• [TASK OBJECTIVE]:
Restate all entries exactly. Skip the images.

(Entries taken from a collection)
───

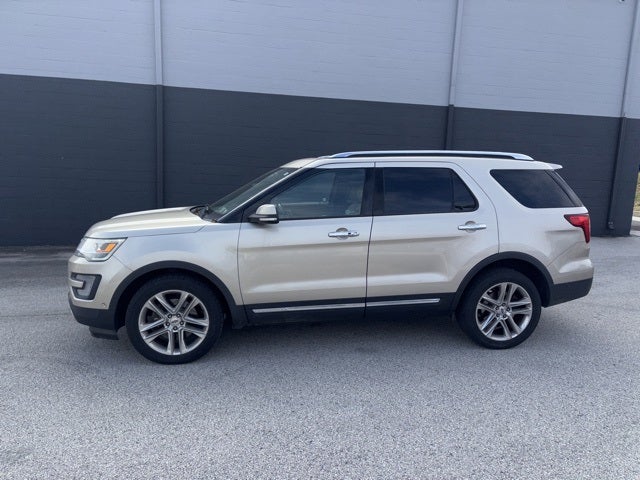 2017 Ford Explorer Limited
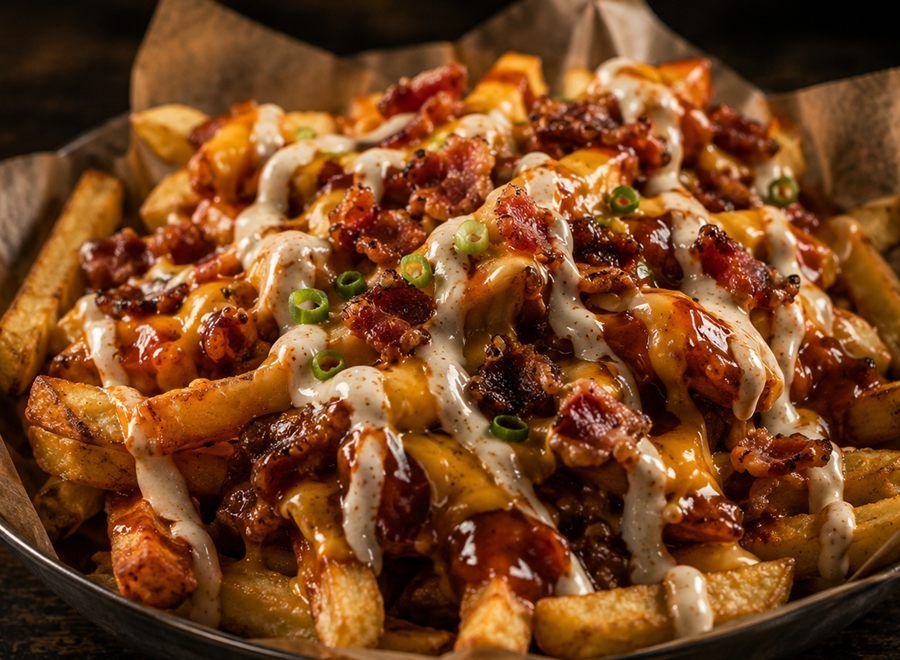 Patatas coreanas de Q Street Food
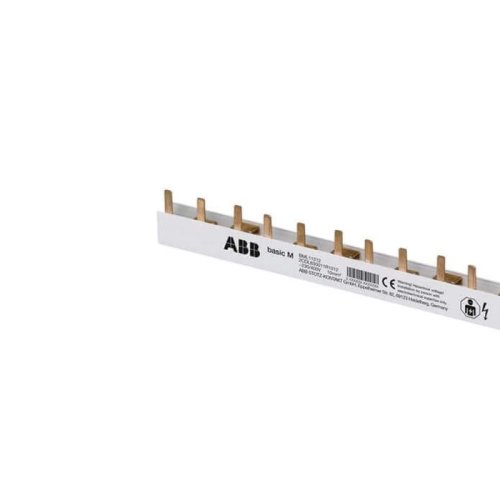 Шина 3-ф 12мод.(10кв.мм) Abb Basic M PIN BLM11312 (2CDL630011R1012)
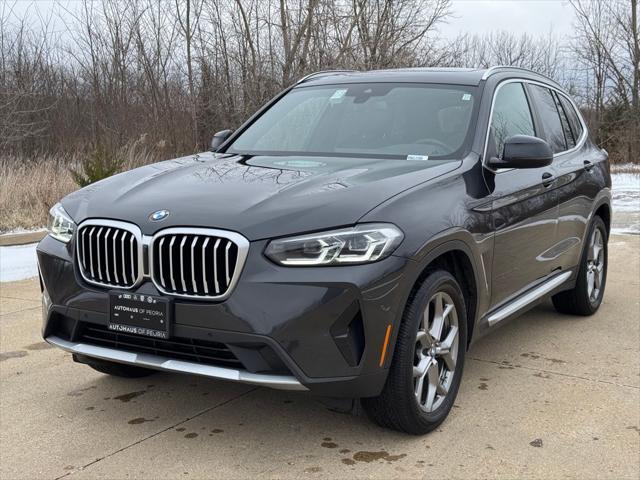 used 2024 BMW X3 car, priced at $37,782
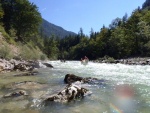RAFTING NA SKV�L� SALZE, ڞasn� voda a je�t� lep�� po�as�... Nen� co dodat, to se mus� za��t!. - fotografie 573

───

• [WRITTEN ANSWER]:
 2017 Ford Explorer Limited
 Patatas coreanas de Q Street Food
 Шина 3-ф 12мод.(10кв.мм) Abb Basic M PIN BLM11312 (2CDL630011R1012)
 used 2024 BMW X3 car, priced at $37,782
RAFTING NA SKV�L� SALZE, ڞasn� voda a je�t� lep�� po�as�... Nen� co dodat, to se mus� za��t!. - fotografie 573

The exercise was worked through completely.